Analysis: Booker's Seven Basic Plots Analysis
Christopher Booker is a scholar who wrote that every story falls into one of seven basic plot structures: Overcoming the Monster, Rags to Riches, the Quest, Voyage and Return, Comedy, Tragedy, and Rebirth. Shmoop explores which of these structures fits this story like Cinderella’s slipper.
Plot Type : Tragedy
After a difficult childhood, Antoinette comes of age in a convent school, where all the sermons about the blessed life after death make her wonder whether happiness is possible in this life.
Due to the tragic circumstances of her early life, Antoinette enters into adulthood with serious questions about the possibility of happiness, particularly when it comes to romantic love. She's already seen how her mother's trust in Mr. Mason as a source of financial security and physical well-being was totally betrayed. In the convent, she's surrounded by a community of women who have effectively repressed any physical desire they have for the sake of a purely celibate, spiritual love. Mr. Mason's suggestion that Antoinette is now ready to be married understandably fills her with dread.
Antoinette seems to have found happiness through a sexually satisfying relationship with her new husband, Rochester.
In the early days of their marriage, Antoinette's fears about marriage seem unfounded. Rochester doesn't seem to be such a bad guy, and she starts to feel safe around him – so safe, in fact, that she enjoys a sexually satisfying relationship with him.
Antoinette's marriage soon sours when Rochester receives a letter filled with malicious gossip from Daniel Cosway/Boyd.
Alas, there's no happy ending in sight for Antoinette. Her blissful honeymoon is interrupted when Rochester receives a letter from Daniel Cosway/Boyd, who makes all kinds of allegations about her family and her own previous romantic attachments.
Convinced that sex is the only way to get Rochester to love her, Antoinette slips Rochester a voodoo aphrodisiac, but he gets violently ill, and sleeps with her maid.

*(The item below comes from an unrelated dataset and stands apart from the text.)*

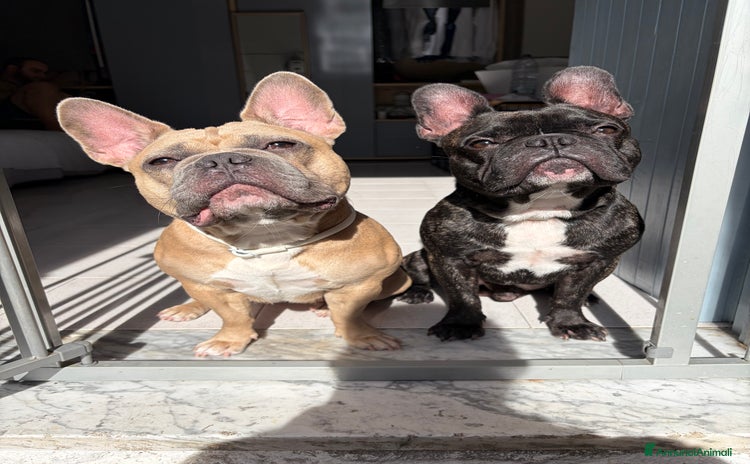 Bulldog Francese cani Bulldog francese - Annuncio 5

Desperate to recover the happiness she had with Rochester in the early days of their marriage, Antoinette decides to drug him into having sex with her. Unfortunately, this plan backfires as he gets her back right where it hurts the most: sex with Amélie, a woman who has repeatedly insulted her. And even more painfully, she has to listen to the whole thing go down because she's in the next room.
Destruction or Death Wish Stage
To retaliate, Antoinette flirts with a number of men and has an affair with Sandi Cosway. Rochester has her declared insane and confines her to an attic room in his English manor, where she ultimately escapes with dreams of burning down the house and everyone in it.
We've already discussed the problems with determining exactly what happens in the ending (See "What's Up with the Ending?"). But even if Antoinette doesn't actually die at the end, she experiences a kind of psychological death by virtue of the fact that she loses a firm grasp of her sense of self. Rochester's re-naming her Bertha and confining her to the attic destroys the woman known as Antoinette by re-drawing the boundaries of her identity.